MAID was legalized across Canada in 2016 for those whose deaths were “reasonably foreseeable.”
The law as Canadians know it today was expanded in 2021 and no longer requires the person applying to have a terminal diagnosis to qualify.
For critics of the British bill, which has divided opinion across the political spectrum, concerns range from a lack of safeguards to lawmakers not being given enough time to review its wording.
Leadbeater presented the bill to the House of Commons on October 16 and published the full text on November 11.
“At the heart of this is choice, it is autonomy. It's about tackling a status quo that isn't fit for purpose and it's the rights of those terminally ill people who don't have long to live, just having the choice I think they deserve. Leadbeater told the BBC on November 12.
Recently, UK Justice Secretary Shabana Mahmood wrote a letter to voters calling it a “slippery slope to death on demand” and strongly stated her plans to vote against the bill despite calls from Prime Minister Keir Starmer for neutrality of the cabinet.
Tanni Grey-Thompson, a Paralympic athlete and member of the House of Lords, says her concerns lie with the message she believes this legislation will send to the disability community if it is passed.
“I worry about the impact on people with disabilities who have no choice but to take their own lives, because Britain is not necessarily a great place for people with disabilities to live,” says Grey- Thompson.
People with disabilities in Britain still face discrimination, according to a 2023 report by the Equality and Human Rights Commission (EHRC), which found persistent barriers to access to transport, the justice system and sporting and cultural venues.
The wording in the proposed law specifies that assisted death will only be provided to the terminally ill, and that does not apply to anyone with a mental disorder or physical disability.
But Grey-Thompson says laws can be changed.
“We've seen in places like Canada that it's changed quite a bit… It's possible that a large number of people are asking for this.”
She adds that the broadening of the law in Canada is concerning.
Currently, Canada's Bill C-14 does not require a terminal diagnosis and is open to people plagued by “physical or psychological suffering.”

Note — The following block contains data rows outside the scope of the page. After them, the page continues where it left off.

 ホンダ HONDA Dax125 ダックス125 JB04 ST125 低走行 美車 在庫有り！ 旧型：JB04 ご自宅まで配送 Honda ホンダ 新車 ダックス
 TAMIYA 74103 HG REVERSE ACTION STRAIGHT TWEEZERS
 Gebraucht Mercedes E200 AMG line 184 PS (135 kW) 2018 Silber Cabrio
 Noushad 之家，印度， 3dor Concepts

However, the expansion of Canada's MAID program for people with mental illness has been postponed until March 2027.
“I think we just have to be careful what we wish for,” Gray-Thompson said. “I don't want people to suffer. I saw my parents die, it was quite miserable. But their experience made me think about how we should do things in a better way.”
When will it come into effect?
In the run-up to last summer's British parliamentary elections a poll by a London-based research consultancy showed that when asked to choose the top priorities for the new Labor government, only four percent mentioned 'legalizing assisted suicide'.

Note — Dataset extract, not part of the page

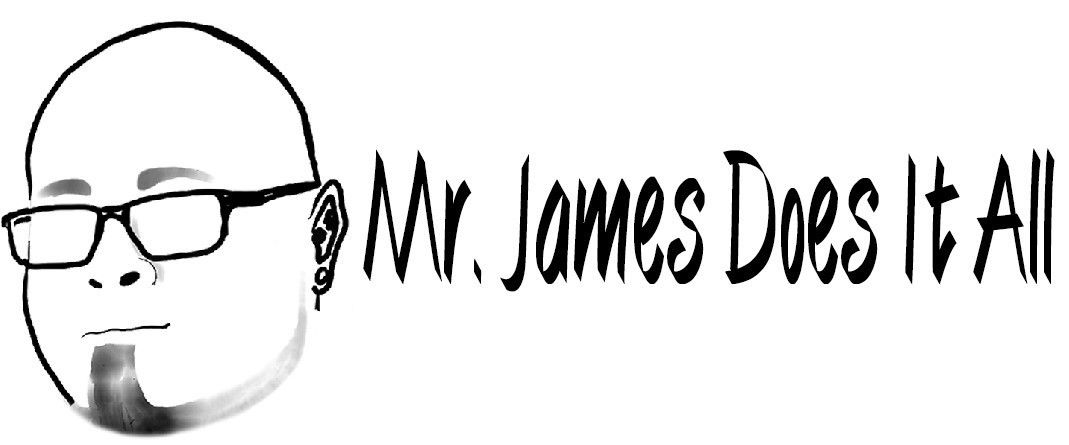 Mr James Does It All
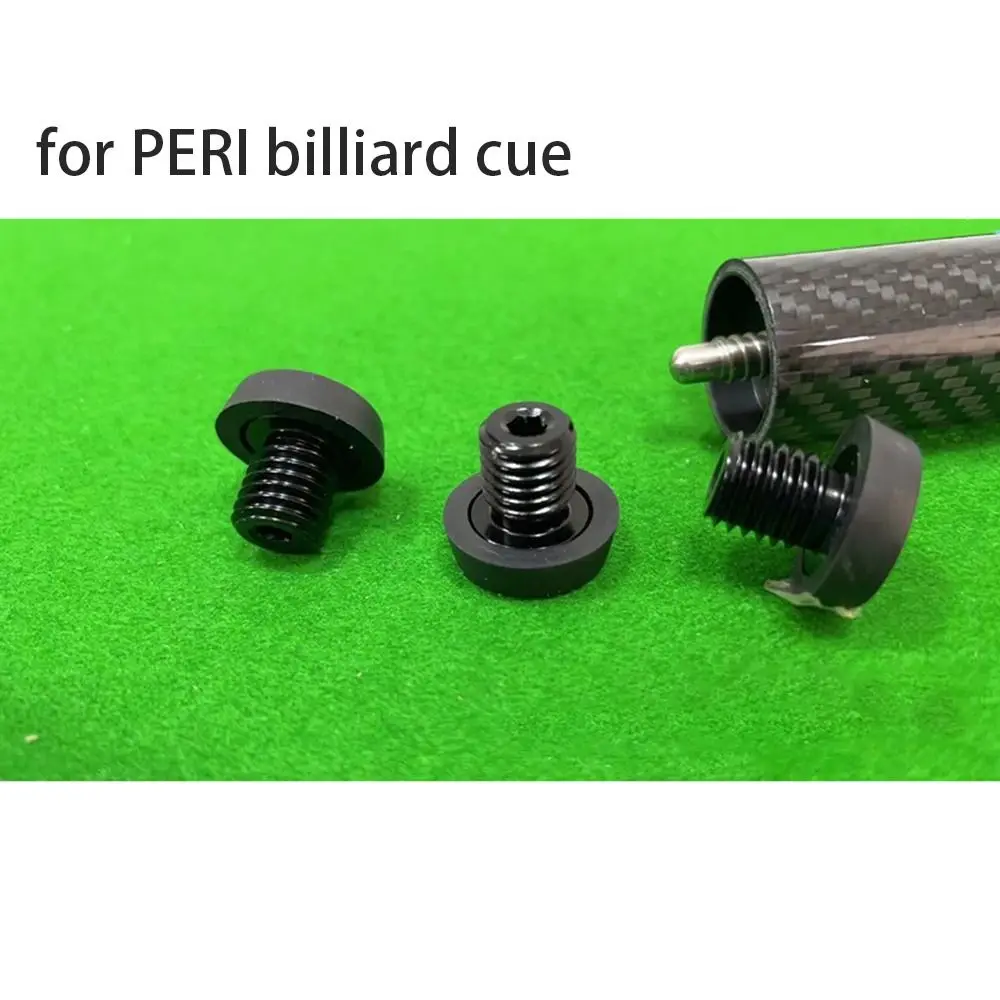 Billiard Cue Bottom Cover Block Butt Billiard Cue Rubber Plug Pool Cue Bottom Bumper Protector For MEZZ/Universal/HOW/PERI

And yet, an opinion poll conducted in the weeks following the publication of the UK Bill 12 showed that “73 percent of Britons believe that – in principle – assisted dying should be legal in Britain”
MPs will vote in the House of Commons on Friday. If the bill passes, it will be forwarded to a public bill committee for consideration. Evidence for or against the proposed legislation could be submitted by campaign groups, religious organizations and medical professionals.
Further obstacles to the bill are taking shape in the form of a third reading followed by a vote in the House of Lords, meaning it could be years before the first person in Britain can legally apply for an assisted death.
It's a timeline that Rantzen fears will outlive it.
Rantzen, who founded a children's healthline in 1986, resigned from her position as president of Childline in 2023 after being diagnosed with stage 4 lung cancer.
She said she supports this bill because it gives people who are terminally ill the right to a “good death.”
“Choice is what it's all about, whether you have a choice to shorten your death. Not your life, but your death. … That choice is what Canadians have.”